Why anyone would choose transamory or being transgender is easy to answer, but it’s beyond the scope of this post. The point is, when a transgender woman calls a trans-attracted person a “tranny chaser”, “chaser” or some other derogatory term, they’re essentially saying “my status as a transgender person isn’t valid. So if you’re wanting me for that reason, you must be a freak, a fetishizer, fiend, or abnormal.”
We don’t call men who chase vagina “chasers”. We accept their behavior as “normal”. But what is normal? And is normal something someone really should strive for?
I don’t think so.
It’s better embracing one’s trans-ness as well as one’s trans-attraction. Men go through a “hyper” stage wherein they try fucking as many vaginas as possible. Girls go through their own process, but society makes it bad and wrong to express that overtly, so women don’t talk about it, or express it as directly as guys.
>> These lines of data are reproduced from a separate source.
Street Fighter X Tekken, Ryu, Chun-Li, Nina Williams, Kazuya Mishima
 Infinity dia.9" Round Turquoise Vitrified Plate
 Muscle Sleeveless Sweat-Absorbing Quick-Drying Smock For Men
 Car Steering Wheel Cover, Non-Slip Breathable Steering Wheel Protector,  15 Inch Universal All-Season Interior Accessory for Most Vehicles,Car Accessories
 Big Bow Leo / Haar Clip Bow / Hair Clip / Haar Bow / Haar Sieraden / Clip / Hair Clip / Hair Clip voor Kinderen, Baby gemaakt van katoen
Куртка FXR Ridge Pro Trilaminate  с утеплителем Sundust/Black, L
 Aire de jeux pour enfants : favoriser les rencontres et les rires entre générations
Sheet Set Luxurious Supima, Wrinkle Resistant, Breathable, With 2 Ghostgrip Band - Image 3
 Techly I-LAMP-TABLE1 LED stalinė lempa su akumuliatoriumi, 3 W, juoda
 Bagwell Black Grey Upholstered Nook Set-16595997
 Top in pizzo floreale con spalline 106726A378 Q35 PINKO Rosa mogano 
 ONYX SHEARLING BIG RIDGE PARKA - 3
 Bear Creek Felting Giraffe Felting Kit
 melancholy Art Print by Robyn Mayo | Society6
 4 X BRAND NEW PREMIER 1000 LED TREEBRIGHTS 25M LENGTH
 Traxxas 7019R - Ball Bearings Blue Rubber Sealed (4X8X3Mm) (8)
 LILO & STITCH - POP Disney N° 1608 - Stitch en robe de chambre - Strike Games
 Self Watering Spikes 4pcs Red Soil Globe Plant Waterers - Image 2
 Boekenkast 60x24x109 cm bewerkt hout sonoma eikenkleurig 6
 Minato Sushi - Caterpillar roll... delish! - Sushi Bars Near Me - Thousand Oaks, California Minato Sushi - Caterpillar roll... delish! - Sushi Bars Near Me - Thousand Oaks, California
Many transgender women go through similar experiences. They seek out as much dick as they can. In other words, they’re exploring themselves.
Transgender women hating on trans-attracted men say more about their self-image than the men they hate (Photo by Engin Akyurt)
We’re a match to what we get
Trans-attracted men go through similar stages. If a trans woman doesn’t want to meet such men, who are going through a period of radical self-exploration, they need to up their story game. They must tell different stories about a number of subjects. Stories about themselves, about dating, about men and about relationships to name a few of many.
Diana Tourjeé, a journalist who happens to be transgender wrote an interesting article about cis women discovering their partners’ transamory. In it, she gives her own take on this perspective.
This is the danger in stereotyping all trans amorous men as chasers. Many are just discovering their sexuality, or finally want to be honest about who they are. They may well be living with severe anxiety or depression due to their reasonable fear. So the outright rejection of all men expressly interested in trans women ultimately alienates whatever number of trans amorous men are capable of, or actively are trying to overcome that fear. [These men] are an example of people who desire an authentic, fulfilling connection with trans women; rejecting them has only caused harm.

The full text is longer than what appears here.